While the stated aim of the joint meeting of the Gastroenterology-Urology Panel and Radiological Devices Panel held September 9 was merely to “provide advice that will assist FDA’s consideration of evolving research on this topic and inform the Agency’s continuing regulation of these devices,” the chance to present the latest research on CT colonography in a high profile setting that would make it part of an official government record had additional implications.
CT colonography, also known as virtual colonoscopy, is covered by many private insurance plans, including Anthem Blue Cross Blue Shield, CIGNA and UnitedHealthcare, but because colon cancer risk increases with age, many patients in need of colon cancer screening are Medicare beneficiaries. For them, flexible sigmoidoscopy or screening colonoscopy are covered, but CT colonography is not.

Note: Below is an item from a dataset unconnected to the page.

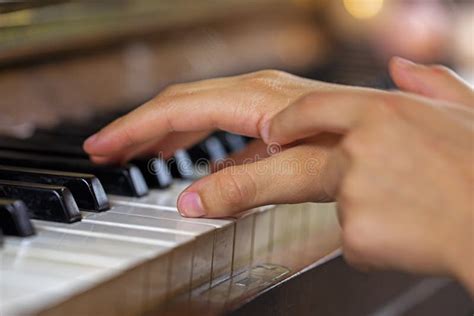 Correct the Left Hand with the Right Hand while Playing the Piano, Horizontal Stock Photo ...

The Medical Imaging & Technology Alliance (MITA) was one of the groups that was able to present research evidence to the panel. It highlighted the February 2012 American College of Radiology Imaging Network (ACRIN) paper published in Radiology, which showed that CT colonography is comparable to optical colonography for Americans ages 65 years and older. In addition, it asked the panel to consider the new research led by Brooks Cash, MD, of the National Naval Medical Center/Walter Reed Army Medical Center. Published in the July 2012 issue of the American Journal of Roentgenology, Cash’s study confirmed that CT colonography is an effective tool for detecting colorectal cancer for Medicare-eligible beneficiaries.
“An abundance of evidence confirms that CT colonography is a valuable diagnostic tool, particularly for patients who are resistant to customary, optical colonoscopy and would otherwise avoid a diagnostic procedure,” stated Gail Rodriguez, executive director of MITA, on the Alliance’s website. “Expanding access to this technology will allow for earlier detection and treatment of this disease and turn more colon cancer patients into survivors.”